A couple of observations for your church board as you (undoubtedly) continue to pivot.

Pivoting is crucial to playing basketball.  Years ago, Tom Friedman wrote a column in which he clarified that, in basketball, a player who pivots must begin by planting one foot firmly on the floor.  You can only pivot with one foot – the other must be stationary.  You plant with one foot, then you pivot with the other.  Likewise, all who seek to pivot in their congregational leadership must first stand on the values that they deem essential.  That – and that alone – opens the opportunities provided by pivoting.

Also, once you pivot, you need to stand tall, rather than go into a protective crouch.
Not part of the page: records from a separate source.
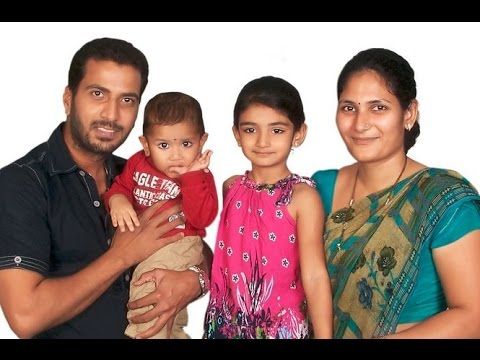 Jithan Ramesh family Picture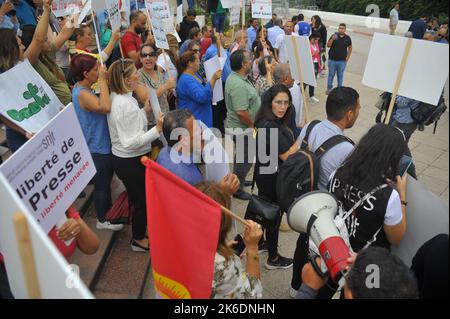 Tunis, Tunisia. 13th Oct, 2022. Tunisian journalists protest outside the government headquarters at the Kasbha.This protest movement aims to defend the sustainability of public media establishments and those confiscated, say the unions, in a joint statement, stressing their rejection of the government's policy aimed at ''liquidating the media' (Credit Image: © Chokri Mahjoub/ZUMA Press Wire) Stock Photo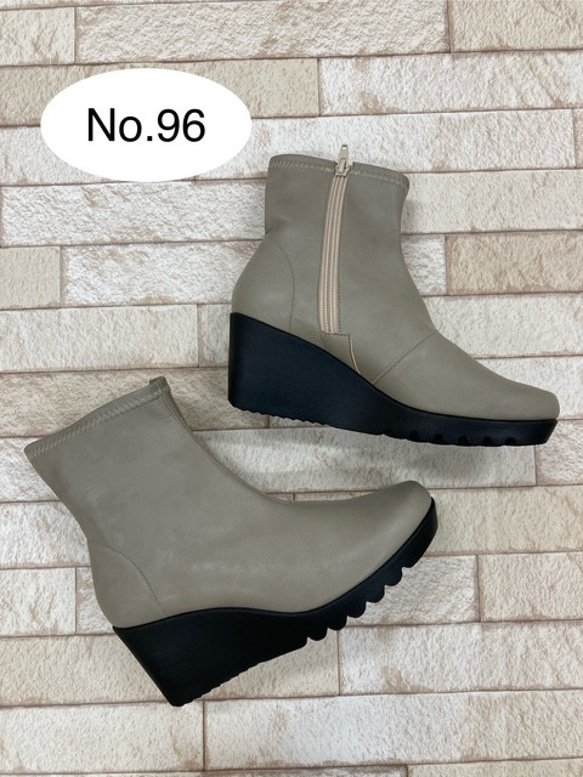 【’25A/W新作♪】伸びる人工皮革♪2種類のソールから選べるストレッチブーツ 4枚目の画像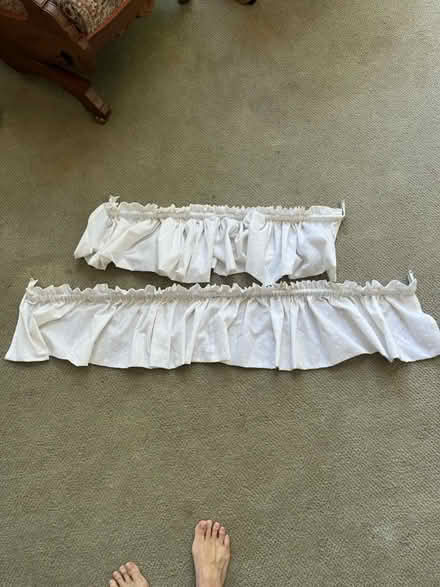 Photo of free Matching eyelet valances (Metuchen NJ) #1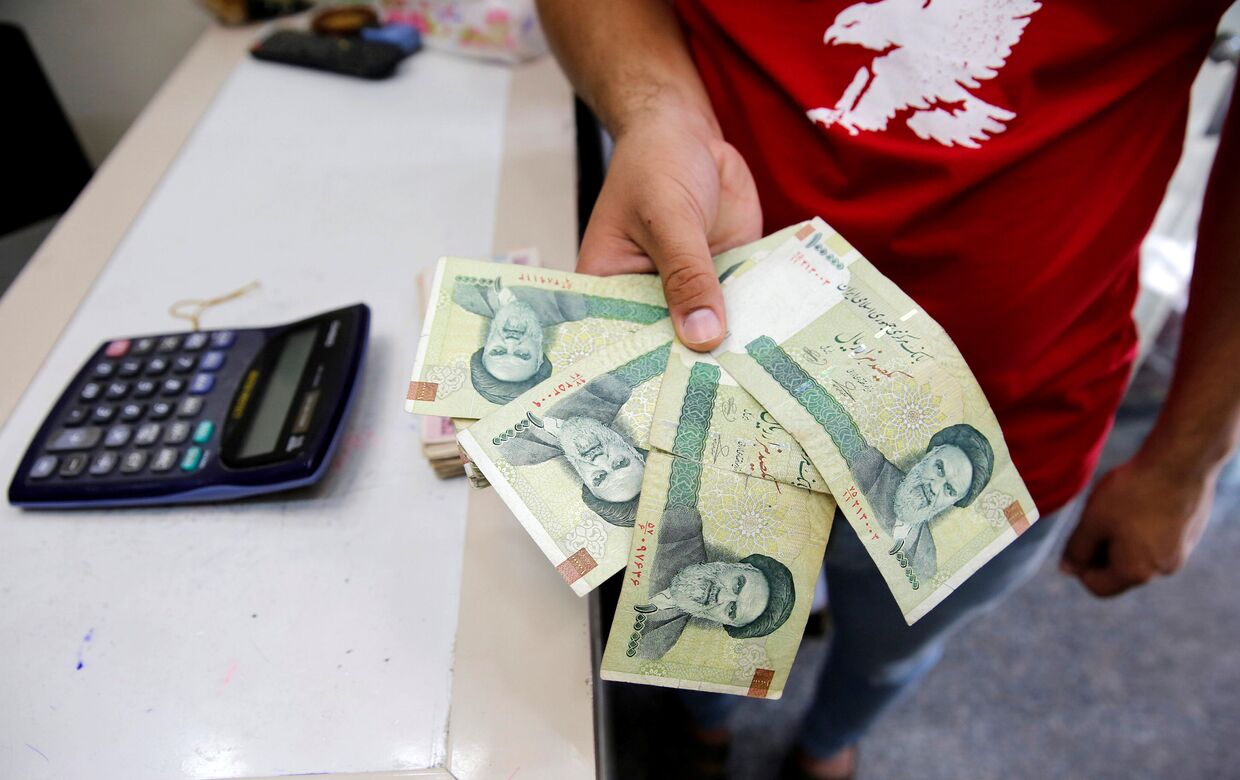 Иранские риалы в пункте обмена валюты в Багдаде, Ирак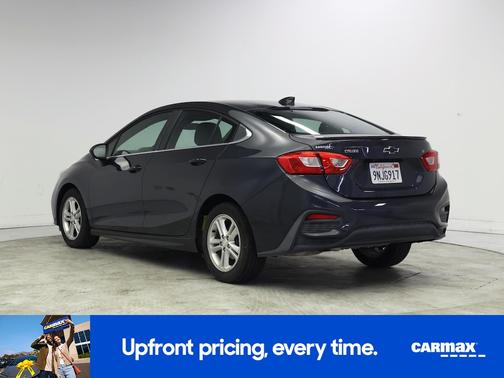 Gray 2018 Chevrolet Cruze LT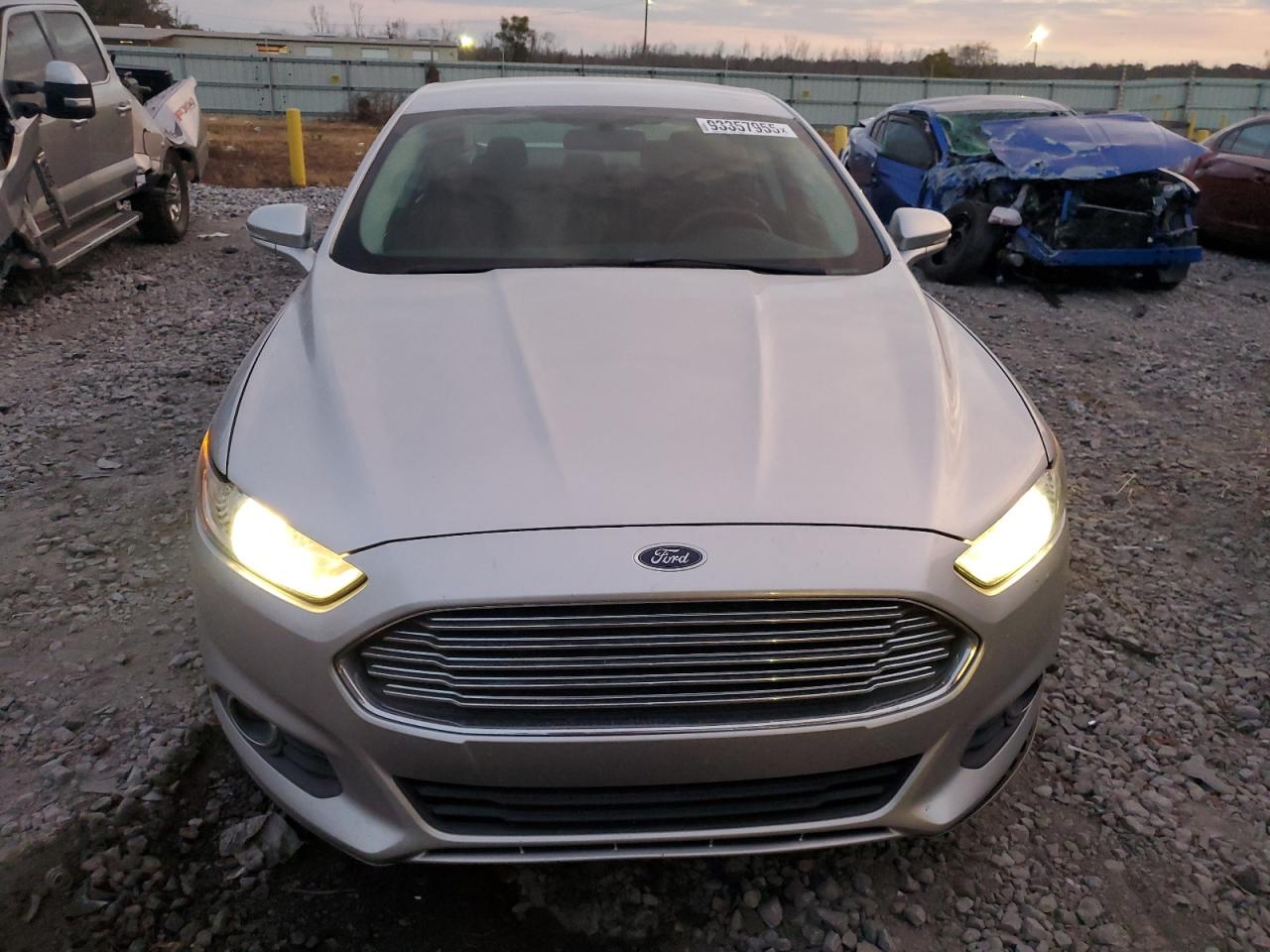 2014 FORD FUSION SE photo 5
A coach of a middle-school girls’ basketball team offered this. “You need to get bigger.  When my players plant their foot, they have stopped, so the instinct is to fold into themselves, to protect the ball.  If you are going to pivot, you need to stand tall and use your space.”  There is so much to “protect” as a church board leader.  (And so many voices eager to “help” by suggesting what needs to be protected.)

But above all, pivoting is about choosing.  In fact, it might be helpful to talk less about how you pivot and more about how you choose.  On the basketball court, if you are going to pivot, you need to see the whole floor – all the possibilities, not just those you already see or want – in order to choose well.  Often church boards narrow their choices too quickly, out of an understandable anxiety to “get on with it.” But choosing that way is unlikely to change the game.

How good are you, as a board, at seeing the whole floor … planting one foot … standing tall … and, only then, pivoting?

In her poem about “Choices,” American poet Tess Gallagher (b. 1943) shows us how it’s done.

Choices

by Tess Gallagher

 I go to the mountain side

of the house to cut saplings,

and clear a view to snow

on the mountain. But when I look up,

saw in hand, I see a nest clutched in

the uppermost branches.

I don’t cut that one.

I don’t cut the others either.

Suddenly, in every tree,   

an unseen nest

where a mountain   

would be.

 


 

How does Gallagher pivot in this poem? What choices does she make, and why?

 

When was the last time that you, as a church board, did something you called pivoting?

 

Where are you, as a congregation, feeling called to pivot now? What are the possibilities? How will you choose? On what values should you plant one foot? How can you work together on standing tall rather than getting pulled into a protective crouch?